According to polls conducted by Ühiskonnauuringute Instituut and the polling company Norstat Eesti, the Social Democrats' rating (16.8 percent) rose above that of the Reform Party (16.3 percent) by the end of July. For two years in a row, the Social Democrats have been in government coalitions led by the Reform Party.
The Social Democrats' advancement is underpinned more by pragmatic leadership and communication than ideology. When Lauri Läänemets became the leader of SDE in February 2022, SDE had just scored its poorest result in two decades (5 percent) in the local elections of 2021. In his candidacy speech, Läänemets claimed that the party's ambition «must be nothing less than to be the party of the prime minister.» If one opts for a pragmatic approach, power requires a high rating, and messages must be chosen also with ratings in mind, in addition to worldview.

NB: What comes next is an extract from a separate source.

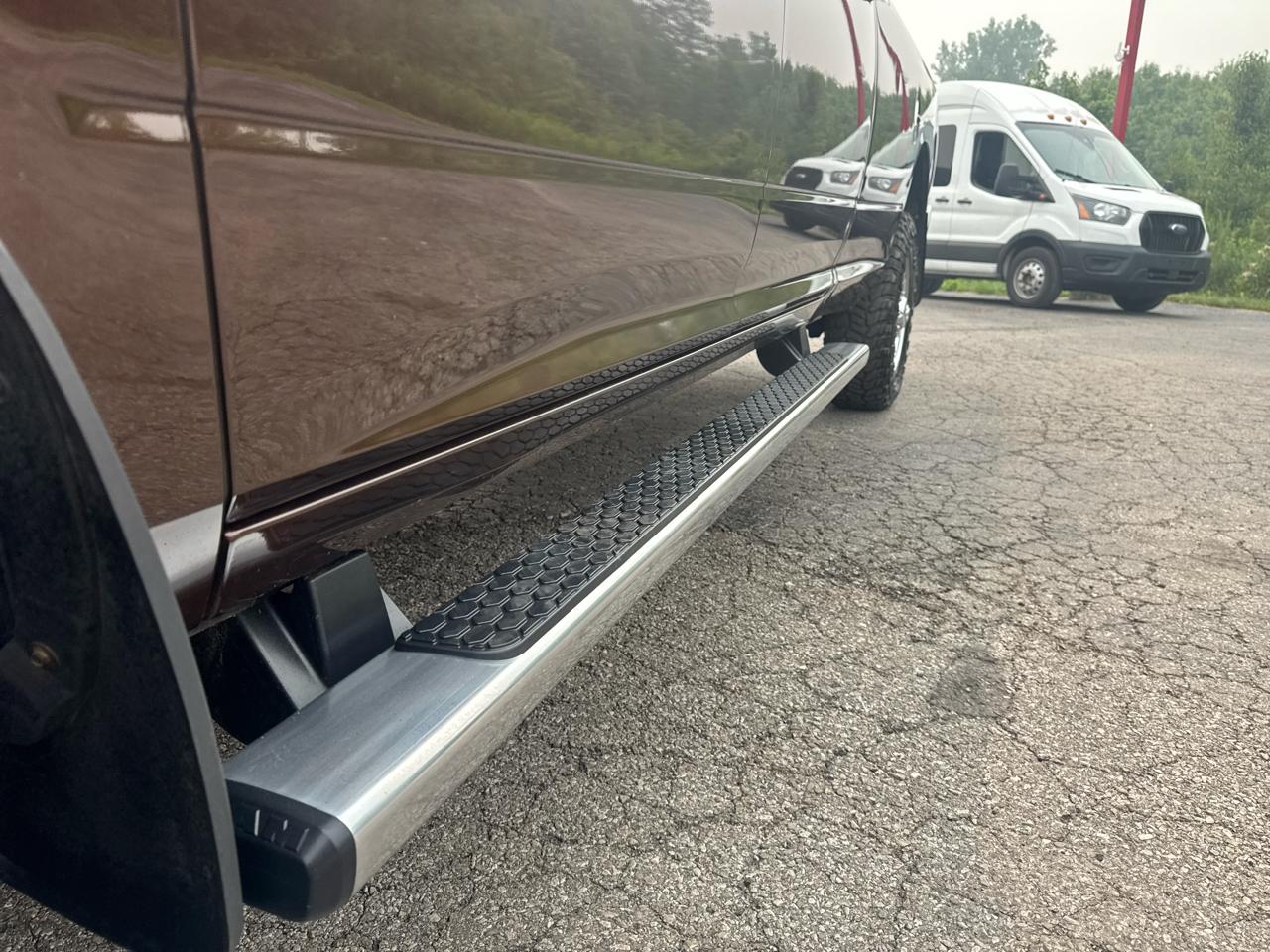 RAM 2500 4WD Crew Cab 169" Tradesman 2015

In the changed security situation, the SDE led by Läänemets has adopted a more nationalist line – while in the dimension of nationalism, SDE doesn't quite measure up to several other political parties, in the process of solving the problem of the Estonian Orthodox Church of the Moscow Patriarchate, for example, SDE is also notably nationalist. In the 2023 election campaign, the Social Democrats described people's livelihoods as «national security» – that is, used nationalism to frame ideological content, and the dimension of nationalism was not non-existent in why, at the beginning of this year, the Center Party led by Kõlvart was no longer suitable for some top politicians, but SDE was.